### [Directions for this task]
Below are some records. Write out the lines from the one containing "To thank him for everything" to the last line, word for word, leaving out pictures.

### [Excerpted records]
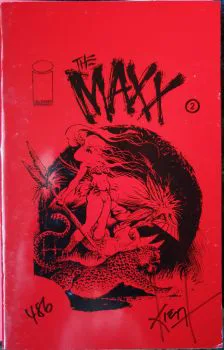 Cover of Red Ashcan Edition, Limited to 500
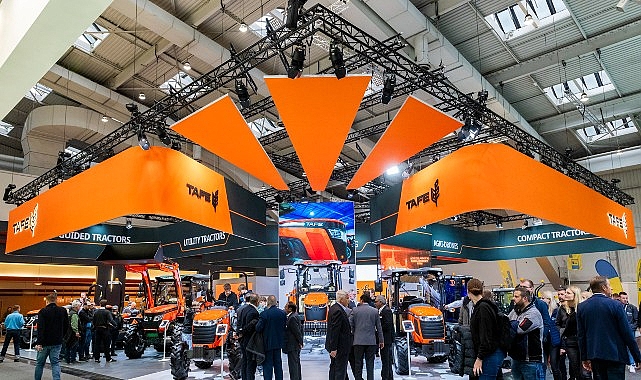 TAFE, Agritechnica 2025’te EVX75 Elektrikli Hibrit Traktörü ve Terra Vista sistemini tanıttı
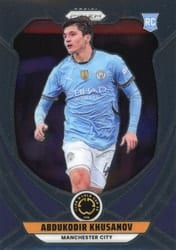 2025 Panini Prizm FIFA Club World Cup Base Set Abdukodir Khusanov #141 card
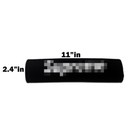 Blk Box Suprem Universal Seat Belt Cover Shoulder Pad Cushion Safe Protector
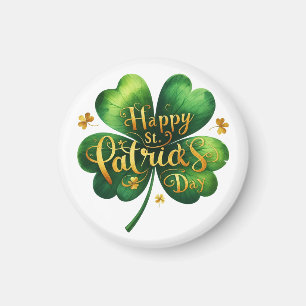 Happy St. Patrick's Day Magnet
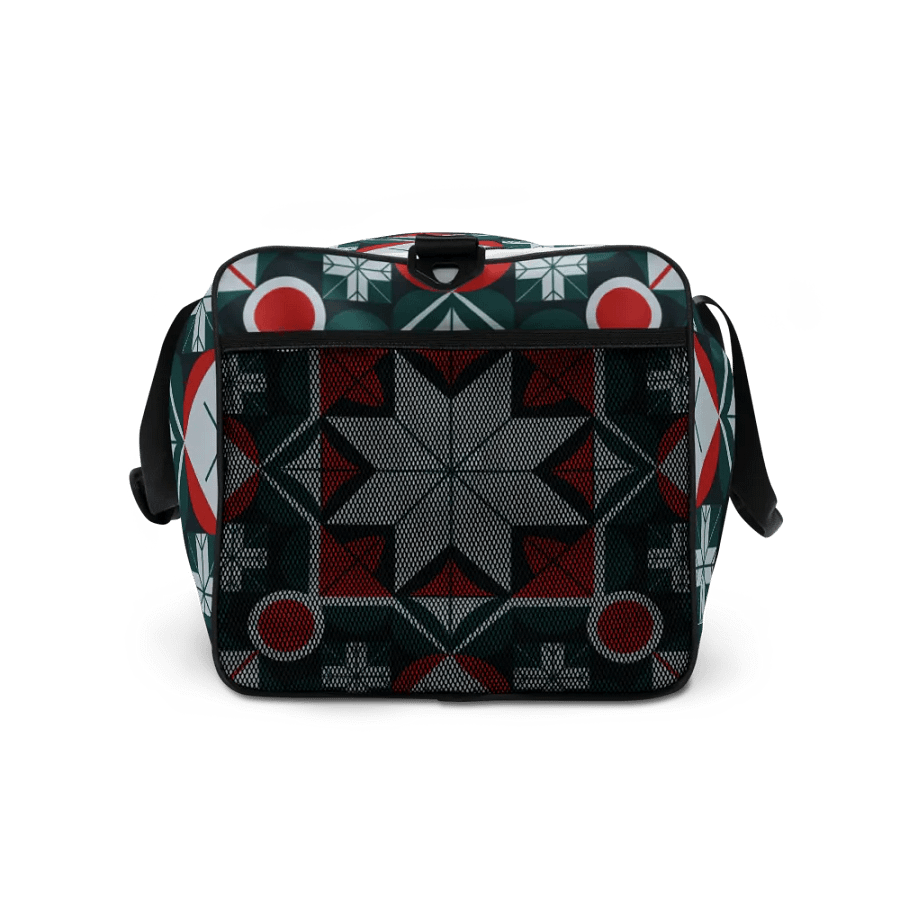 Kaleidoscope patterned All-Over Print Duffle Bag product image (5)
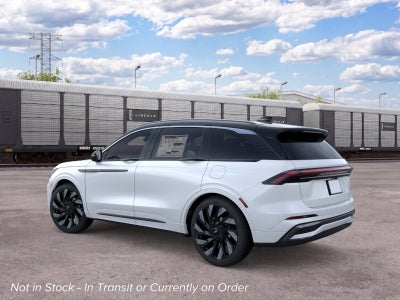 2026 Lincoln Nautilus Hybrid Black Label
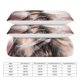 thumbnail image 2 of Attack on Titan Anime Home Bed 3-piece Set Classic Japanese Anime Polyester Wash Student Dormitory Set, 2 of 5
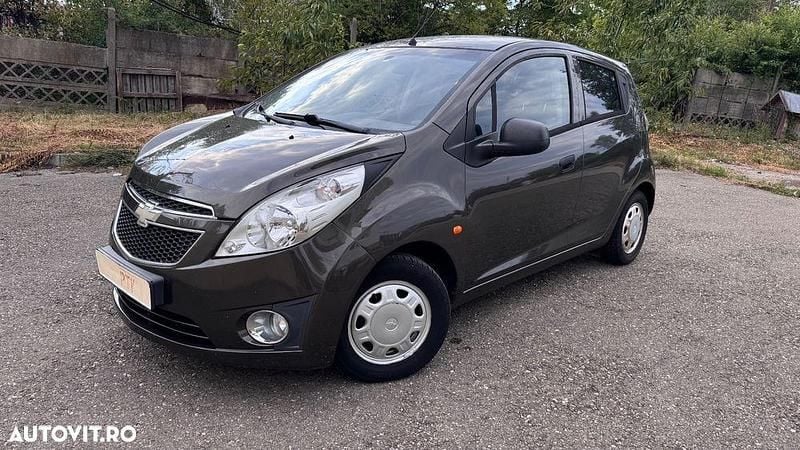 Maro Utilizat 2012 Chevrolet Spark LS Hatchback | 1.990 EUR (Super Preț) - Imagine 1/4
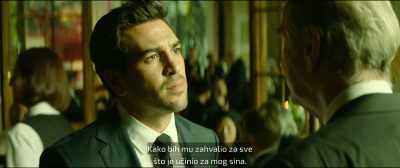 To thank him for everything
he did for my son. - The Collini Case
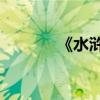 《水滸傳》主要內容約200字
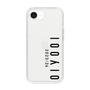 スリムプロテクションケース［ 100人10 - Logo vertical - Clear ］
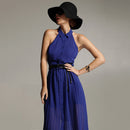 Trendy New Girls Ladies Skinny Narrow Bowknot Belt Dress Belt Black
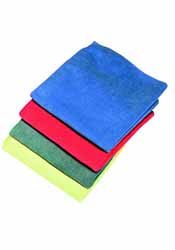 coloured cloths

### [Exercise answer]
 To thank him for everything
he did for my son. - The Collini Case
 《水滸傳》主要內容約200字
 スリムプロテクションケース［ 100人10 - Logo vertical - Clear ］
 Trendy New Girls Ladies Skinny Narrow Bowknot Belt Dress Belt Black
 coloured cloths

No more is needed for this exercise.